От их безбрежного потопа Погибнет снежная Европа, Как наш недавний верный друг, Профессор славный Эренбург.

52

В кустах кирпичных, где поглуше, По переулкам, где тоска, Ночные хоботы церквушек Крестами лижут облака.
Колоколов зеленых уши Висят, как дряхлые листы. А небосвод, давно уснувший, Спросонок скалит на кресты.
И золотых миров плевками – В седые хоботы церквей. И веры старой серый камень Еще бледней, еще мертвей.
И меж седыми облаками, Как переспелый плод, луна. И льнет к очам, к оконцам камер, Крылом неведомого сна.

53

Мы золотым подобны стаям Периодических комет, В ночах веков перелетаем, Как моль, с предмета на предмет.
Плетем метельные мы сети Неунимающихся зим. Вечерним снегом тихо светим И тихой гибелью грозим.
Солнца далекие, как гнезда В листве вселенной голубой… О, свет, не я ли слово создал, Не я ль смеюся над тобой?
И я лечу, чтобы звучало О струны волн мое крыло. Ведь твой конец – мое начало, Ведь холод твой – мое тепло.
И чрез иную, как чрез эту, Я все миную рубежи.
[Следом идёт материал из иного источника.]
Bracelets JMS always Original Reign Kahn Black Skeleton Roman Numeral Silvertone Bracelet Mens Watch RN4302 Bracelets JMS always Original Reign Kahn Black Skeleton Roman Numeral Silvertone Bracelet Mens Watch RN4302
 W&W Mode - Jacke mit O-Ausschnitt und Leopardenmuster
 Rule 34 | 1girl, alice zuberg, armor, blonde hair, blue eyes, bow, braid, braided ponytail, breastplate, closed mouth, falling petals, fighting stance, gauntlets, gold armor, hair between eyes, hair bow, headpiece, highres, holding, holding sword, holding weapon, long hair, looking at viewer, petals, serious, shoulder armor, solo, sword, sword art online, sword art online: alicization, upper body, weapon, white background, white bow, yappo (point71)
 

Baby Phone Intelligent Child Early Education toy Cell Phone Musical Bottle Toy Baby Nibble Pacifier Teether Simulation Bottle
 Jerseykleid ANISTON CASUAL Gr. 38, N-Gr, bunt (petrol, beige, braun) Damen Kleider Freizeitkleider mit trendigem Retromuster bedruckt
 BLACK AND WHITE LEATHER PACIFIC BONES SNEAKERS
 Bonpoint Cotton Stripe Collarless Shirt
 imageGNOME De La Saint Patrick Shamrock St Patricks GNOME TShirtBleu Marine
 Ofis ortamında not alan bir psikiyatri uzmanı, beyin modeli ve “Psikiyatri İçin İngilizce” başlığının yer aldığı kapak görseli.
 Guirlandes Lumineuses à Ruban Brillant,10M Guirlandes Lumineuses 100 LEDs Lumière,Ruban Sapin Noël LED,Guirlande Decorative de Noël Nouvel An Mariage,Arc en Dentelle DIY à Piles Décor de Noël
Творцу древнейшему, поэту Вселенная принадлежит.

54

Не извивайся, не упорствуй, Не проливай сладчайший яд, – Пособьями по свиноводству Витрины времени пестрят.
Народ стихов не терпит боле, Не разоряется на них, И говорят, что даже болен, Кто в ночь вырезывает стих.
Уж мир заранее хоронит Его насмешкой роковой. Да, он – неизлечимый хроник, Он вечен, как мятели вой.
Кто знает, – не его ль зачатье – Его конец в лесу глухом, Когда крестом вы отмечаете Его могильный свежий холм.
О, тихий друг, благодари же, Что на свободе ты пока, Что не больничный сторож рыжий, А лишь закат – на три замка.

55

Ни одного еще алмаза Над вечереющей Москвой, А здания закат измазал, И золото на мостовой.
И в золотой пыли Тверская, В недвижно золотом дыму… Хотел бы знать, кому сверкает, Смеется счастие кому.
У длинных черепов трамваев Уже глаза воспалены. И рельс протяжней завывает От колеса и от луны.
И тот, кто счастлив, руки пучит, Чтоб искру лишнюю украсть. И телом женщины скрипучим Продажная смеется страсть.

56

Бичами вечер в очи хлещет, Кнутами золотыми бьет, И в плечи – звезд впилися клещи, И жаром прет закатный рот.